Here, the temperature sensor Th such as a thermistor which detects
environmental temperature of the motors Mr1, Mr3 is arranged
between the motor Mr1 and the motor Mr3.
[0052] The ink ribbon 41 is configured to sequentially feed faces
of color ribbon panels of yellow (Y), magenta (M), and cyan (C) and
a black (B) ribbon panel in the longitudinal direction. Here, the
ink ribbon 41 may be configured to sequentially feed faces of
ultraviolet (UV) or another black ribbon panel in addition to the
color ribbon panels of yellow (Y), magenta (M), and cyan (C) and
the black (B) ribbon panel in the longitudinal direction depending
on types. An empty mark indicating application limits of the ink
ribbon 41 is set at a termination of the ink ribbon 41. Se2
indicated in FIG. 2 is a transparent sensor to detect the empty
mark.
[0053] The image forming unit B1 is structured with a platen roller
45 and the thermal head 40. The thermal head 40 is arranged at a
position faced to the platen roller 45. The thermal head 40
includes heating elements arranged in lines in a main scanning
direction. The heating elements are selectively heat controlled
with an unillustrated head control IC in accordance with printing
data and an image is printed on the transfer layer of the transfer
film 46 via the ink ribbon 41. A cooling fan 39 is provided to cool
the thermal head 40.
[0054] The ink ribbon 41 with which printing to the transfer film
46 is completed is peeled from the transfer film 46 with a peeling
roller 25 and a peeling member 28. The peeling member 28 is fixed
to the ink ribbon cassette 42. The peeling roller 25 is abutted to
the peeling member 28 at the time of printing and peeling is
performed by nipping the transfer film 46 and the ink ribbon 41
with the peeling roller 25 and the peeling member 28. Then, the
peeled ink ribbon 41 is wound by the winding spool 44 with the
driving force of the motor Mr1 and the transfer film 46 is
conveyed, with the film conveying roller 49, to the transfer unit
B2 which includes a platen roller 31 and the heat roller 33.
[0055] At the transfer unit B2, the transfer film 46 is nipped by
the heat roller 33 and the platen roller 31 along with a card.
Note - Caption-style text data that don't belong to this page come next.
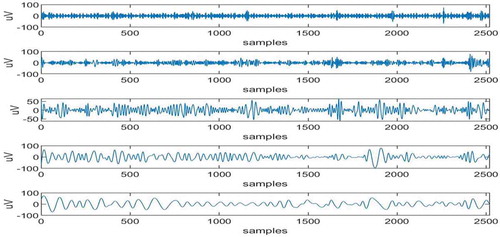 Figure 3. IMFs (1 to 5) obtained by applying EEMD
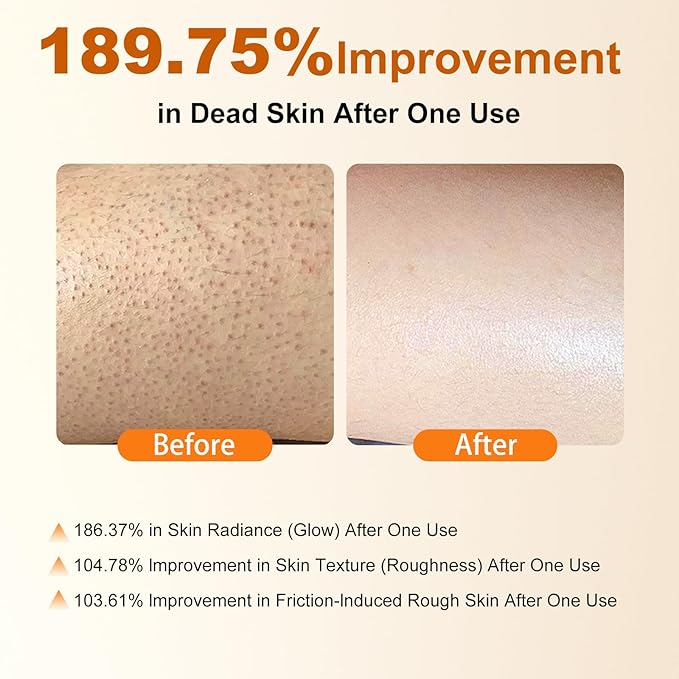 Body Keratin Care Kojic Acid Turmeric Spray: Gently Exfoliating Peeling Shot– Hydrates,Nourish your skin,Suitable for All Skin Types, 200ml - NN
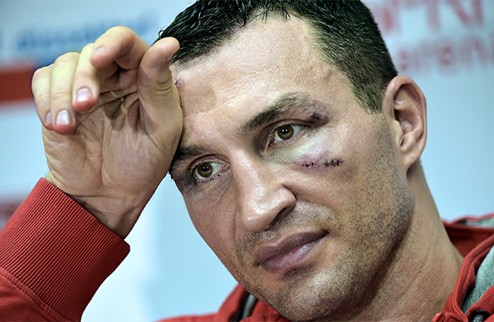 Кличко пообещал провести реванш с Фьюри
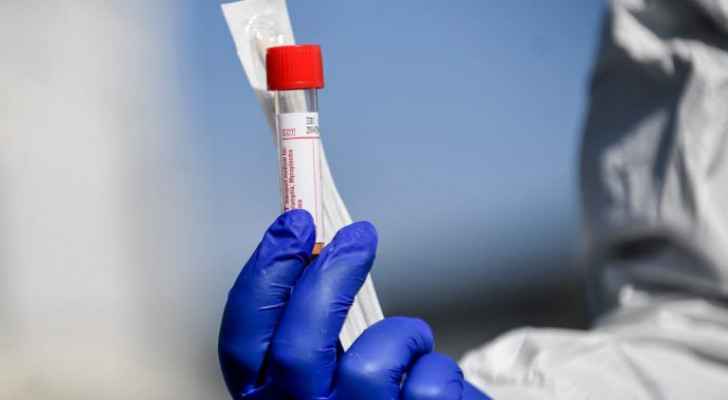 Jordan records 17 deaths and 888 new coronavirus cases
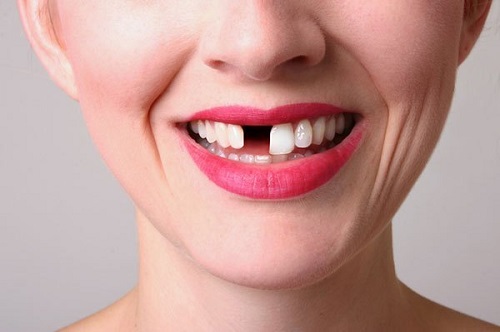 Trồng răng bị rụng - Phục hình hiệu quả tại nha khoa 1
Then, the image formed on the transfer layer of the transfer film
46 is transferred to the card. When starting transfer processing,
the transfer film 46 is placed at a transfer starting position as
being conveyed by a predetermined distance after a mark formed on
the transfer film 46 is detected by a sensor Se3. The front end of
the card is placed at the transfer starting position as being
conveyed by a predetermined distance after the front end of the
card is detected by a sensor Se4. Thus, positioning of the transfer
film 46 and the card is performed and transfer processing is
started. Here, the heat roller 33 is attached to an unillustrated
lifting mechanism to pressure-contact to and be separated from the
platen roller 31 via the transfer film 46.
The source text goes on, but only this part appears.